Por Josias de Souza
Num instante em que algo como quatro dezenas de parlamentares respondem a inquérito no STF apenas no caso do petrolão, os deputados decidiram aprovar uma lei para desligar a TV Justiça da tomada. Querem impedir a transmissão das sessões plenárias da Suprema Corte nos julgamentos de processos penais e civis. A proposta já foi aprovada na Comissão de Ciência e Tecnologia, Comunicação e Informática da Câmara. Seguiu para a Comissão de Constituição e Justiça. Se for aprovada novamente, seguirá direto para o Senado.
O autor do projeto é Vicente Cândido (PT-SP), amigo dos petistas condenados no julgamento do mensalão, que popularizou, por assim dizer, a TV Justiça.

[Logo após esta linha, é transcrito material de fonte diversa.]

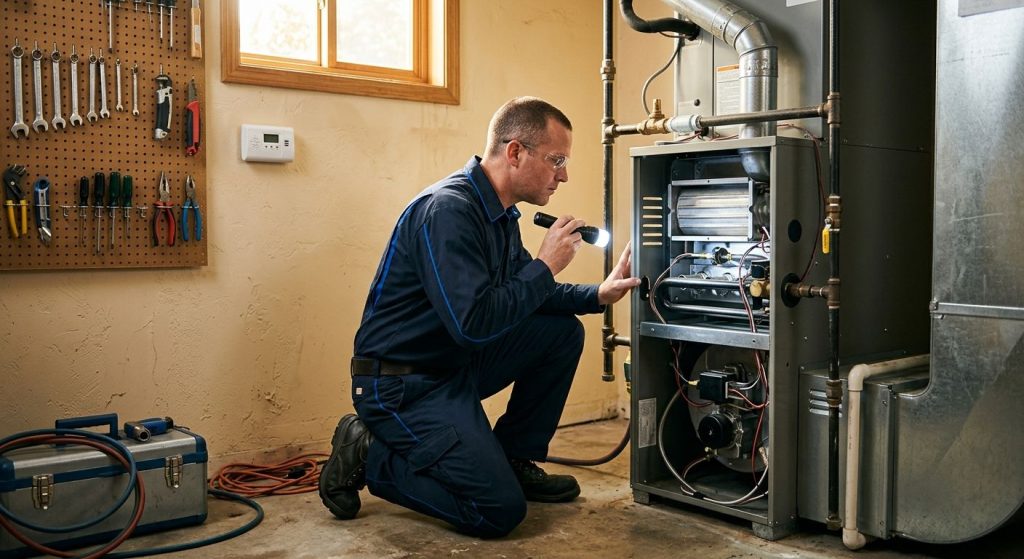 A licensed HVAC technician in a blue uniform inspects a gas furnace in a San Francisco basement, holding a flashlight and checking the heat exchanger for cracks, with a carbon monoxide detector on the wall and tools neatly arranged on a pegboard.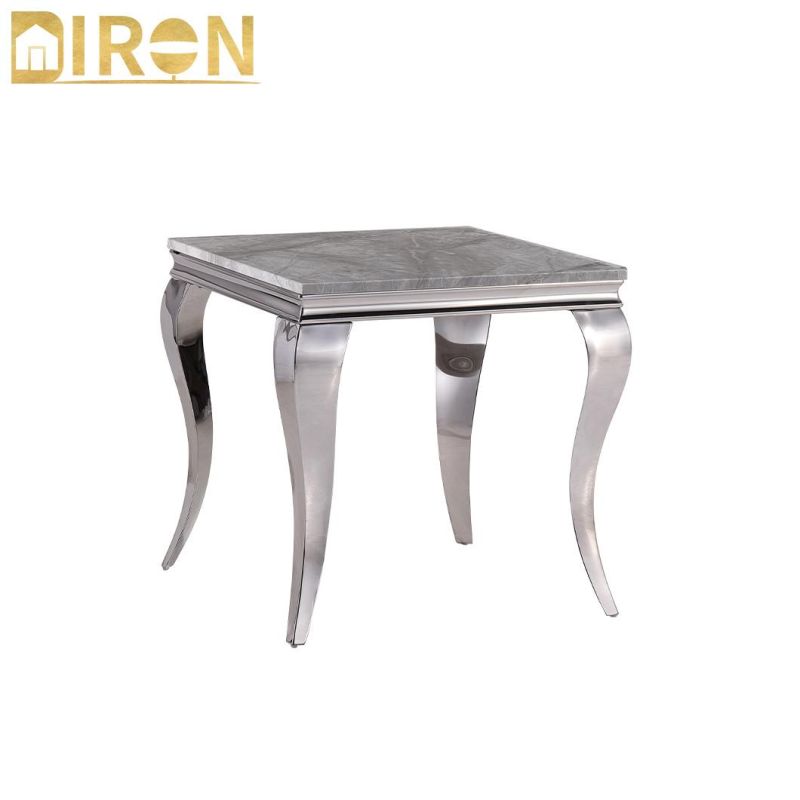 Modern Design Living Room Stainless Steel Square Coffee Table Side Tea Table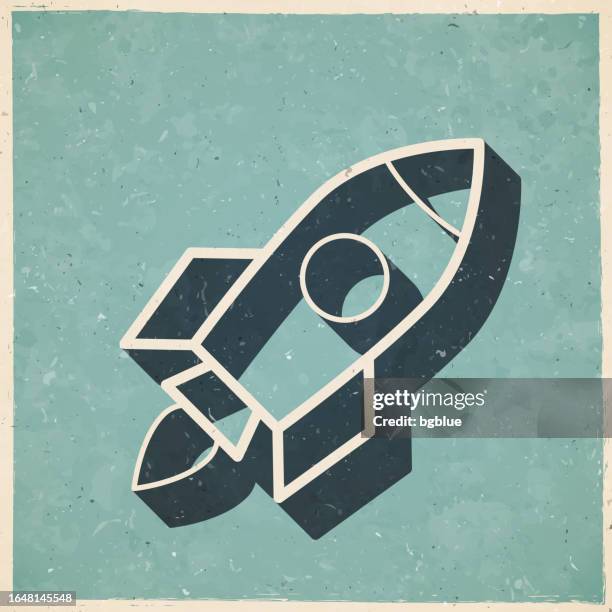 rocket. icon in retro vintage style - old textured paper - ship on fire stock illustrations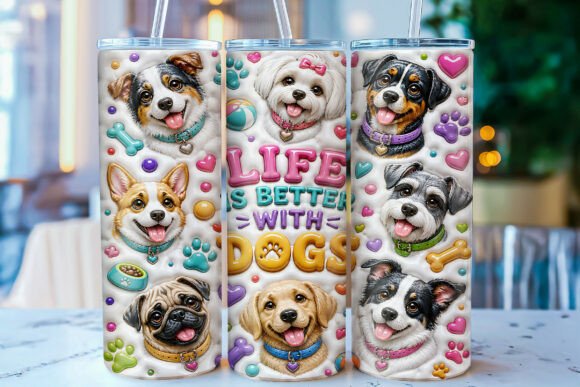 Inflated Dog Lover 20oz Tumbler Wrap for Canine Creations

O relator é Silas Câmara (PRB-AM). Sem meias-palavas, ele admite que quer apagar os refletores do plenário do Supremo para evitar os efeitos que as luzes provocam sobre as togas. Alega que as transmissões expõem “as entranhas da Justiça”, mostrando o que chamou de “sensacionalismo exacerbado” de alguns ministros. Para o relator, a superexposição ofende “a imagem, a honra e a dignidade da pessoa humana.”
Onde se lê “pessoa humana”, leia-se “réu”. Silas Câmara desqualifica em seu parecer os defensoeres da tese segundo a qual o interesse público se sobrepõe ao direito à privacidade que os réus poderiam, eventualmente, reivindicar: “Ocorre que esses militantes da mídia livre se esquecem que a garantia de um julgamento isento e imparcial é um direito humano, que se sobrepõe ao direito de informação, ou seja, o interesse público não pode ser maior do que o direito a um julgamento isento.”
Tomado pelos termos do relatório, os deputados parecem dar de barato que o calor dos holofotes derrete a isenção dos ministros do Supremo. Pior: avaliam que o processo de derretimento começa antes do julgamento:
“O cidadão vem sendo condenado a priori e de maneira covarde pela superexposição na mídia, exposição esta que influencia, também, diretamente no resultado do julgamento per se, ao criar o que podemos chamar, ironicamente, de ‘afã condenatório’ por parte de membros do Poder Judiciário que tenham dificuldade em conter eventuais ‘arroubos’ de vaidade, provocados pela súbita notoriedade conferida pela mídia”.
Ironicamente, a proposta anti-transparência vem à luz num instante em que os processos da Lava Jato são julgados na Segunda Turma do Supremo, sem a transmissão da TV Justiça. Apenas processos que envolvem os presidentes da Câmara e do Senado precisam ser obrigatoriamente submetidos ao plenário do tribunal.
Hoje, a exposição tem sido maior na jurisdição de Sergio Moro, em Curitiba. Ali, não há transmissões ao vivo. Mas o juiz da Lava Jato cultiva o hábito de filmar seus interrogatórios, divulgando-os na sequência. Disponíveis na internet, os vídeos revelam que os cofres do Estado vêm sendo assaltados com método pela quadrilha de oligarcas empresariais e políticos. Quem assiste percebe que o melhor detergente contra esse tipo de sujeira é mesmo a luz do Sol.